(Records to use Opens)

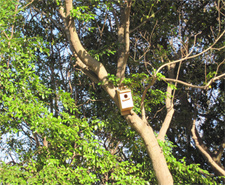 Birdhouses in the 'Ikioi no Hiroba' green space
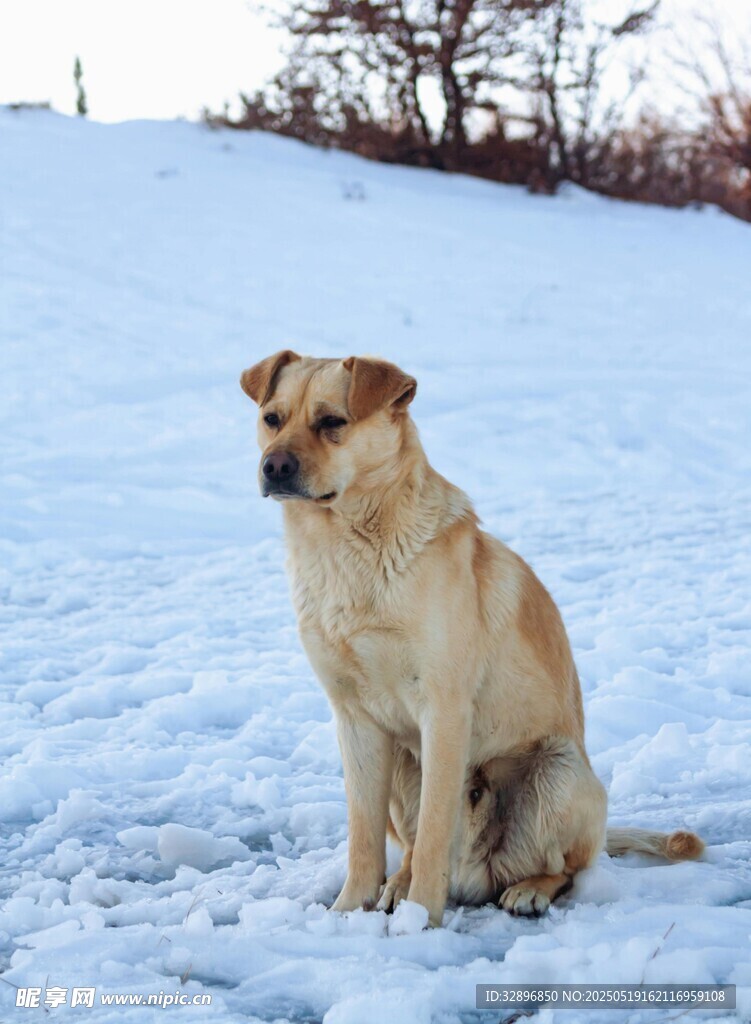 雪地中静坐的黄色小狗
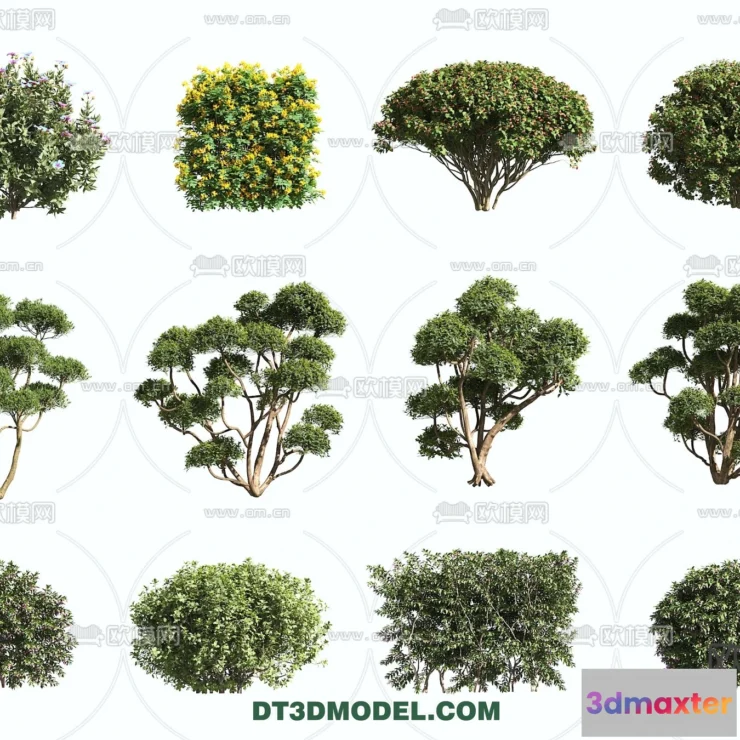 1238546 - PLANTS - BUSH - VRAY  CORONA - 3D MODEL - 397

(Records to use Closes)
(Records to use Opens)

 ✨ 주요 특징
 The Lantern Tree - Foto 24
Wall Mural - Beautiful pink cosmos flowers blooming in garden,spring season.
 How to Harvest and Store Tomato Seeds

(Records to use Closes)

▶ _What to work on_
Look above for the line holding "The Lantern Tree - Foto 24" and the line holding "How to Harvest and Store Tomato Seeds", then output exactly those two lines and every line between them, nothing more.

▶ _Response_
 The Lantern Tree - Foto 24
Wall Mural - Beautiful pink cosmos flowers blooming in garden,spring season.
 How to Harvest and Store Tomato Seeds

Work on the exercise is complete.